### Work instruction:
Using the material below, set down only the line containing "Segeltuch Bauchtasche mit oranger 5" and the lines after it, unchanged.

*** Begin section ***

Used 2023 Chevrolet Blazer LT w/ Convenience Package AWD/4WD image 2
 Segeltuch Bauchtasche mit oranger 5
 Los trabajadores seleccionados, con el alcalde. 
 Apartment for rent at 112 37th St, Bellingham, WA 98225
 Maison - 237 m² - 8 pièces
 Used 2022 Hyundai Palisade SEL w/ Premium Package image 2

*** End section ***

### Task output:
 Segeltuch Bauchtasche mit oranger 5
 Los trabajadores seleccionados, con el alcalde. 
 Apartment for rent at 112 37th St, Bellingham, WA 98225
 Maison - 237 m² - 8 pièces
 Used 2022 Hyundai Palisade SEL w/ Premium Package image 2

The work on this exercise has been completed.